This topic explains how to use the pgml extension in AnalyticDB for PostgreSQL V7.0 to perform inference tasks, such as text embedding, sentiment analysis, and entity recognition, directly on your data within the database. This approach eliminates the need to move data out of the database, simplifying your data pipeline and enabling real-time analysis with high efficiency.
Core concepts: The two main pgml functions
The pgml extension revolves around two powerful functions. You will choose one based on the task you need to perform:
pgml.embed()Used exclusively for Text Embedding tasks.
It takes a model name and text as input and returns an array of floating-point numbers (the text vector).
pgml.transform()Used for all other types of inference tasks, such as Text Classification and Named Entity Recognition.
It uses a flexible JSONB parameter to specify the task and model, making it a versatile inference interface.
If you need a model that is not on the supported list, submit a ticket to contact the development team.
Task 1: Text embedding
Text embedding converts natural language text into numerical vectors. This is fundamental for text analysis, similarity computing, machine learning tasks, and Retrieval-Augmented Generation (RAG).
Supported models
Model name | Supported language | Maximum number of tokens | Number of dimensions | Model size |
thenlper/gte-large-zh | Chinese | 512 | 1024 | 1.25 GB |
thenlper/gte-small-zh | Chinese | 512 | 512 | 0.12 GB |
thenlper/gte-large | English | 512 | 1024 | 1.25 GB |
thenlper/gte-small | English | 512 | 512 | 0.21 GB |
Alibaba-NLP/gte-Qwen2-7B-instruct | Multiple languages | 32000 | 3584 | 26.45 GB |
Alibaba-NLP/gte-Qwen2-1.5B-instruct | Multiple languages | 32000 | 1536 | 6.62 GB |
Syntax
To obtain the embedding vector for a given text, call the pgml.embed function with the model name and your text input.
pgml.embed(transformer TEXT, inputs TEXT or TEXT[])Single inference.
CREATE FUNCTION pgml."embed"( "transformer" TEXT, "inputs" TEXT, "kwargs" jsonb DEFAULT '{}' ) RETURNS real[] IMMUTABLE STRICT PARALLEL SAFE LANGUAGE c /* Rust */;Batch inference.

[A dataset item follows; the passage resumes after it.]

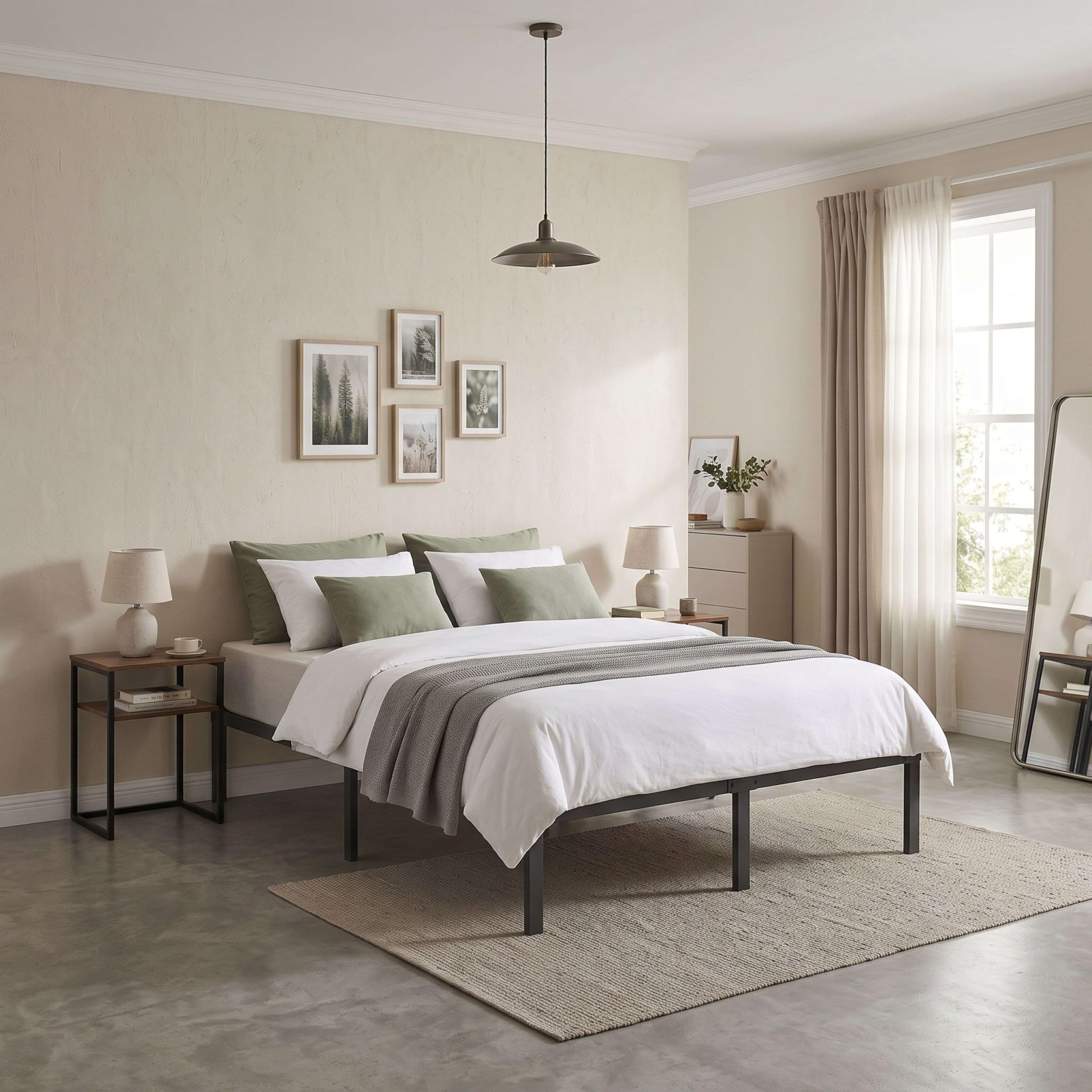 Miroytengo Somier 150x190 cm Desmontable, Altura 36 cm, Cama Matrimonio Lary, Base Cama Metal Negro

CREATE FUNCTION pgml."embed"( "transformer" TEXT, "inputs" TEXT[], "kwargs" jsonb DEFAULT '{}' ) RETURNS real[][] IMMUTABLE STRICT PARALLEL SAFE LANGUAGE c /* Rust */;
Parameters
Parameter | Description | Example |
| The name of the pre-trained model you want to use. See more in the Model name. | 'thenlper/gte-large' |
| The text (or array of texts) to perform inference on. | 'The self-attention mechanism is widely used in neural networks.' |
| Additional JSONB parameters, such as specifying the inference device. You can include universal parameters, such as inference devices, in this parameter. For more information, see the open source Hugging Face models. Note Currently, only CPU is supported. The current version does not support GPU inference. | '{"device": "cpu"}' |
Examples
Embed a single piece of text
SELECT pgml.embed('thenlper/gte-small-zh', 'The self-attention mechanism is widely used in neural networks.');The following result is returned:
embed
------------------------------------------------------------
{0.011534364,-0.029397607, ... -0.00056651415,-0.05465962}Embed multiple pieces of text at a time
SELECT pgml.embed('thenlper/gte-small-zh', ARRAY['The self-attention mechanism is widely used in neural networks.', 'The core idea is to allow models to consider other elements in the sequence when processing a single element']);The following result is returned:
embed
------------------------------------------------------------
{0.011534364,-0.029397607, ... -0.00056651415,-0.05465962}
{0.024123996,0.0360483154, ... -0.029659372,-0.0198373856}Embed existing text data in a table
For example, import the inference text data to a table named dump_table.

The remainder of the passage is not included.